- [What to do]:
Please copy, exactly as they appear below, the lines from the one containing "Color-Blocked Stripe Hoodie" through the one containing "Women's Bootcut Jeans".

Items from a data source
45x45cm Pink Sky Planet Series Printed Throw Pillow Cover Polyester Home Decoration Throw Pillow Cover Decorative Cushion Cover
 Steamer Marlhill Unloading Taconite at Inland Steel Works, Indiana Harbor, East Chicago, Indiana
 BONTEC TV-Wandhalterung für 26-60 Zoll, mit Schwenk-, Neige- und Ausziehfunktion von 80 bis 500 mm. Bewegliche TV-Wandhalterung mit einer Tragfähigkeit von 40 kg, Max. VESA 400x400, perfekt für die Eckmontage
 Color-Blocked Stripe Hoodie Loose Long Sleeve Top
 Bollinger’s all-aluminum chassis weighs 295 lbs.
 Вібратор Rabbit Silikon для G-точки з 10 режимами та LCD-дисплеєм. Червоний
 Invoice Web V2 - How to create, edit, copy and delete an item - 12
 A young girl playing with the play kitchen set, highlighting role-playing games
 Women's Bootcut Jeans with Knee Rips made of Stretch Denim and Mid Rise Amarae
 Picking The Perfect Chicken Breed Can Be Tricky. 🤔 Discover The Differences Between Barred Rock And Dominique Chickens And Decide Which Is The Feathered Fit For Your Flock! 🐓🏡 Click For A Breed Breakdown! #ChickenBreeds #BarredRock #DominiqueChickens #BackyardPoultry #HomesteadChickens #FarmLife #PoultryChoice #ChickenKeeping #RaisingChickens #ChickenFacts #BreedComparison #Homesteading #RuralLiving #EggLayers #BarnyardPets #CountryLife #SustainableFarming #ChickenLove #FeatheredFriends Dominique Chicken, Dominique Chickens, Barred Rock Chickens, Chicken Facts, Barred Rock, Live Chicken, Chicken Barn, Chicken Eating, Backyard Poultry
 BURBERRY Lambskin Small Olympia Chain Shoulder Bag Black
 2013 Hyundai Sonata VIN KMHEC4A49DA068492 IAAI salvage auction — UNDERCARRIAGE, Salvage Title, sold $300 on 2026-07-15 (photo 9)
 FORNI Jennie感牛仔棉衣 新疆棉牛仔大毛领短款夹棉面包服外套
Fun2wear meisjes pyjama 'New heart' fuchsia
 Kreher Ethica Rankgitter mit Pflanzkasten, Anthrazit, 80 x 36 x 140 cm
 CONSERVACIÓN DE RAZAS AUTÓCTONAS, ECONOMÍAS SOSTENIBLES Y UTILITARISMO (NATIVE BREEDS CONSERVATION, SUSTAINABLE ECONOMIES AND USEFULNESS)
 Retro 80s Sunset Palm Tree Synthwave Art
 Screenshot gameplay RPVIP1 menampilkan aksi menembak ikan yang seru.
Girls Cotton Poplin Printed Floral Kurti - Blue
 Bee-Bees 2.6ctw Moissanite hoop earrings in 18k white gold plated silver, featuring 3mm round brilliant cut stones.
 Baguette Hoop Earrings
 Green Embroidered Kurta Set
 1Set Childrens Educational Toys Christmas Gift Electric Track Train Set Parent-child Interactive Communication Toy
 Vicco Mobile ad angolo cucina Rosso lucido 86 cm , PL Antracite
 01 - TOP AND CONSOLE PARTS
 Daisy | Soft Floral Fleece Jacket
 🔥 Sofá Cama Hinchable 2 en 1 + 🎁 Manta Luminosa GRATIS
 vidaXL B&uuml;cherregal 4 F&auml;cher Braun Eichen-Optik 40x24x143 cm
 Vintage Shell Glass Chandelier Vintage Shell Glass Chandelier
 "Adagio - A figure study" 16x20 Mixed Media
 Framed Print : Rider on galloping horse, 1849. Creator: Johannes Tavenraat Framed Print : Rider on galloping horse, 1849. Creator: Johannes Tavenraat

- [Exercise answer]:
 Color-Blocked Stripe Hoodie Loose Long Sleeve Top
 Bollinger’s all-aluminum chassis weighs 295 lbs.
 Вібратор Rabbit Silikon для G-точки з 10 режимами та LCD-дисплеєм. Червоний
 Invoice Web V2 - How to create, edit, copy and delete an item - 12
 A young girl playing with the play kitchen set, highlighting role-playing games
 Women's Bootcut Jeans with Knee Rips made of Stretch Denim and Mid Rise Amarae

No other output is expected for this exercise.